I do think we should still test with the original q72 as a separate exercise though, because if Spark can run it then Comet should be able to as well (with the same memory configuration).
select i_item_desc
,w_warehouse_name
,d1.d_week_seq
,sum(case when p_promo_sk is null then 1 else 0 end) no_promo
,sum(case when p_promo_sk is not null then 1 else 0 end) promo
,count(*) total_cnt
from catalog_sales
join date_dim d1 on (cs_sold_date_sk = d1.d_date_sk)
join customer_demographics on (cs_bill_cdemo_sk = cd_demo_sk)
join household_demographics on (cs_bill_hdemo_sk = hd_demo_sk)

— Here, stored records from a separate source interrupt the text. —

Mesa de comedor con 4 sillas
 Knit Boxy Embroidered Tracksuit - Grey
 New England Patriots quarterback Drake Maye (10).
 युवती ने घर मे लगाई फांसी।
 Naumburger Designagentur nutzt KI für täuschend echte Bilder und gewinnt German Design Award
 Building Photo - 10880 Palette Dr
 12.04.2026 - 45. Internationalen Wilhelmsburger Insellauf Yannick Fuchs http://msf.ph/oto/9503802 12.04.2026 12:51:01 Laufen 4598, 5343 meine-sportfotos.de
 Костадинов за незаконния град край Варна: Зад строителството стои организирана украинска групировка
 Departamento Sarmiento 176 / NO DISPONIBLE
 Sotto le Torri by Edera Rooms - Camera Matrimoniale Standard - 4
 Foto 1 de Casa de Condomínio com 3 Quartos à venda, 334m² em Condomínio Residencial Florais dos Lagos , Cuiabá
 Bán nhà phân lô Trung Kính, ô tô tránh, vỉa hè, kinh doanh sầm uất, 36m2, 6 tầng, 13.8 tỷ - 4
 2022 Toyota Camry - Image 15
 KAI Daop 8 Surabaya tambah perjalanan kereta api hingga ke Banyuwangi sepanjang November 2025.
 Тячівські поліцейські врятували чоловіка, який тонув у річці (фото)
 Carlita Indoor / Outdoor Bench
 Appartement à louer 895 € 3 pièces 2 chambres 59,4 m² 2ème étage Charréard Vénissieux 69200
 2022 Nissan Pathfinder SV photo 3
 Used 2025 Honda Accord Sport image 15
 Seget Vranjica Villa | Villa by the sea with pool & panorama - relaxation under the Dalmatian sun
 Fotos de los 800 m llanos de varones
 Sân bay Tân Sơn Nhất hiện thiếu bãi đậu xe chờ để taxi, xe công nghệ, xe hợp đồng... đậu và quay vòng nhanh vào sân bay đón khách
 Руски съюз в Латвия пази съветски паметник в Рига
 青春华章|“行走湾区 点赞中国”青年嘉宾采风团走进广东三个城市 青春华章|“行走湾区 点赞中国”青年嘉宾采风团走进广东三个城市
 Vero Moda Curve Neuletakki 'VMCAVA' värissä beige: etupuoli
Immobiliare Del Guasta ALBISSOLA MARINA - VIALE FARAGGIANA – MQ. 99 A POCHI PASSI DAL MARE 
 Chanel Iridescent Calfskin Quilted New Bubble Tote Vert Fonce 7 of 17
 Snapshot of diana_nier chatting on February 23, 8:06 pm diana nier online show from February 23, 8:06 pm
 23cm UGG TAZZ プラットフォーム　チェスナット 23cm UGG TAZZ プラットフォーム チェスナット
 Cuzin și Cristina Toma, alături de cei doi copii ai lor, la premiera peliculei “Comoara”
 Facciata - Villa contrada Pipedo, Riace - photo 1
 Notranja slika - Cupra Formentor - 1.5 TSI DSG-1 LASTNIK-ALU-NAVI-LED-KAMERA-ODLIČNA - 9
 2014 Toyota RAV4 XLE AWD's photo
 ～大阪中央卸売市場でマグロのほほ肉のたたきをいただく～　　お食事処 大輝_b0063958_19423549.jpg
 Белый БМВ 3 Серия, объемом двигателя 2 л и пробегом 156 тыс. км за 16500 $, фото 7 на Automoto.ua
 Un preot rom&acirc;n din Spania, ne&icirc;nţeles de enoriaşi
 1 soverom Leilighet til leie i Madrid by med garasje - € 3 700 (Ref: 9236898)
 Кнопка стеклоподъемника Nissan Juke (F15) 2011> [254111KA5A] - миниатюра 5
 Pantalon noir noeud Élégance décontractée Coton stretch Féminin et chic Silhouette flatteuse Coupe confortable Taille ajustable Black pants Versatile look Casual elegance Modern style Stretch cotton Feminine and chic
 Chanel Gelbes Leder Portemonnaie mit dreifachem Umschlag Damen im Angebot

join item on (i_item_sk = cs_item_sk)
join inventory on (cs_item_sk = inv_item_sk)
join warehouse on (w_warehouse_sk=inv_warehouse_sk)
join date_dim d2 on (inv_date_sk = d2.d_date_sk)
join date_dim d3 on (cs_ship_date_sk = d3.d_date_sk)
left outer join promotion on (cs_promo_sk=p_promo_sk)
left outer join catalog_returns on (cr_item_sk = cs_item_sk and cr_order_number = cs_order_number)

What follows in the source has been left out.